▶ [Problem requirements] Restate the lines word for word, from the one containing "ヘビ『大丈夫守』｜生きもの刺繍のお守り" through the last line of the entries below, without any other lines.

• • • •

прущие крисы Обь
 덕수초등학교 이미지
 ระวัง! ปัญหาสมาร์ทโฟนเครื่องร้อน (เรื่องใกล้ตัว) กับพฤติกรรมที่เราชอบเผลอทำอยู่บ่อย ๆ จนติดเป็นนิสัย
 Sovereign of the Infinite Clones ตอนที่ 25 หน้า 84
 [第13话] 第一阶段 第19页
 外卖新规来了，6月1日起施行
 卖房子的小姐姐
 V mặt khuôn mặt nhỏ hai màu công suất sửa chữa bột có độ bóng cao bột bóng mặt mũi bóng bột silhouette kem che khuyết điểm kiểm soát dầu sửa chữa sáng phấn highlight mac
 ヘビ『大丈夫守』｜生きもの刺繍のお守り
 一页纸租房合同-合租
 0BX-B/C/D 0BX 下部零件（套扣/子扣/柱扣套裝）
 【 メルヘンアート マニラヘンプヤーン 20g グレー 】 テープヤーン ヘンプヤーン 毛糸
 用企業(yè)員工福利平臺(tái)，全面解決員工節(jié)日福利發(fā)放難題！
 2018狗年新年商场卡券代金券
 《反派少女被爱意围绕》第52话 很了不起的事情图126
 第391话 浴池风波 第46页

• • • •

▶ [Exercise response]
 ヘビ『大丈夫守』｜生きもの刺繍のお守り
 一页纸租房合同-合租
 0BX-B/C/D 0BX 下部零件（套扣/子扣/柱扣套裝）
 【 メルヘンアート マニラヘンプヤーン 20g グレー 】 テープヤーン ヘンプヤーン 毛糸
 用企業(yè)員工福利平臺(tái)，全面解決員工節(jié)日福利發(fā)放難題！
 2018狗年新年商场卡券代金券
 《反派少女被爱意围绕》第52话 很了不起的事情图126
 第391话 浴池风波 第46页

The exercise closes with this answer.